Image related to Yankee II
Caption: Yankee as a training ship in the early 1900s, in peacetime white-and-buff with auxiliary sail rig. Her 5-inch battery is carried in broadside hull casemates.

II

(Auxiliary Cruiser: displacement. 6,225 (full load); length 406'1½"; beam 48'4½"; draft 21'1" (aft); speed 14.5 knots; complement 282; armament 10 5-inch, 6 6-pounders, 2 Colt machine guns)

El Norte, a steamer built in 1892 at Newport News, Va., by the Newport News Shipbuilding & Dry Dock Co., was acquired by the Navy from the Southern Pacific Company on 6 April 1898; renamed Yankee; and commissioned at New York on 14 April 1898, Cmdr. Willard H. Brownson in command.

After fitting out as an auxiliary cruiser, the ship patrolled the coastal waters between Block Island and Cape Henlopen until 27 May 1898. That day, Yankee stopped at Tompkinsville, N.Y., to coal ship. On the 29th, she returned to sea and shaped a southerly course to join the fleet off Cuba. En route, she touched briefly at St. Nicholas Mole, Haiti, on the evening of 2 June and then continued on toward Cuba. Early the following morning, Yankee joined the blockade off Santiago de Cuba and conducted patrols there for the next five days. On the morning of the 6th, she dueled shore batteries briefly and, near Santiago on the 7th, joined Marblehead and St. Louis for a cable cutting incursion into Guantanamo Bay. While St. Louis dragged for and cut the three cables, Yankee and Marblehead covered her activities by engaging the Spanish gunboats Alvarado and Sandoval. After putting the Spanish gunboats to flight, the two American warships turned their attention toward the fort at Caimanera which had been making a nuisance of itself with its single large-caliber gun, a venerable, smooth-bore muzzleloader. As Yankee and Marblehead silenced their last adversary, St. Louis completed her cable-cutting mission; and the three ships exited the bay.
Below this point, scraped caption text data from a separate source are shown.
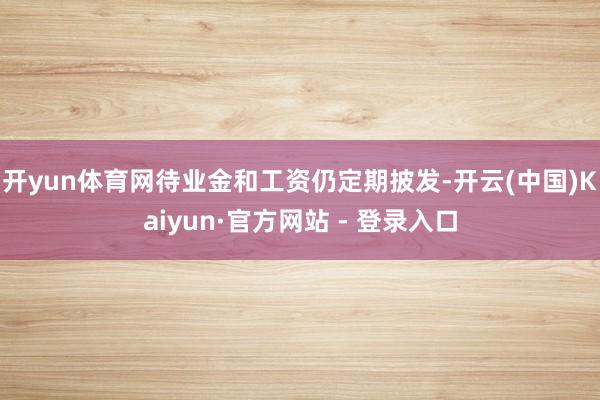 开yun体育网待业金和工资仍定期披发-开云(中国)Kaiyun·官方网站 - 登录入口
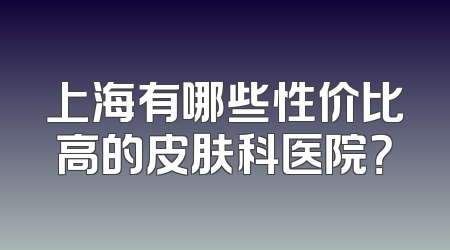 上海有哪些性价比高的皮肤科医院？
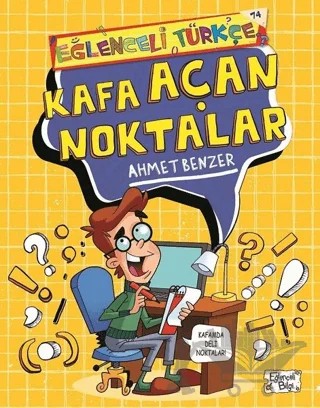 Kafa Açan Noktalar – Ahmet Benzer – Eğlenceli Bilgi Yayınları kitap kapağı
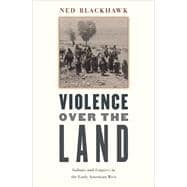 Violence over the Land : Indians and Empires in the Early American West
Yankee then briefly resumed blockade duty off Santiago but, on the 8th, got underway for St. Nicholas Mole with dispatches. On 9 June 1898, just before she arrived at her destination, the auxiliary cruiser stopped two merchantmen and inspected them. They turned out to be the Norwegian Norse and the British Ely, so Yankee allowed them to proceed on their way. She completed her mission at Haiti and returned to Santiago early the following morning. At about noon on the 10th, Yankee set a course for Port Antonio, Jamaica, to deliver dispatches and to search for the suspected blockade runner Purissima Concepcion. After delivering the dispatches at Port Antonio on the 10th and visiting Montego Bay in search of Purissima Concepcion, the warship returned to the Santiago area on the 12th. That same day, however, she received orders to move again. This time to Cienfuegos, about halfway up the southern coast of Cuba from Santiago, to stand guard there against Purissima Concepcion's expected run.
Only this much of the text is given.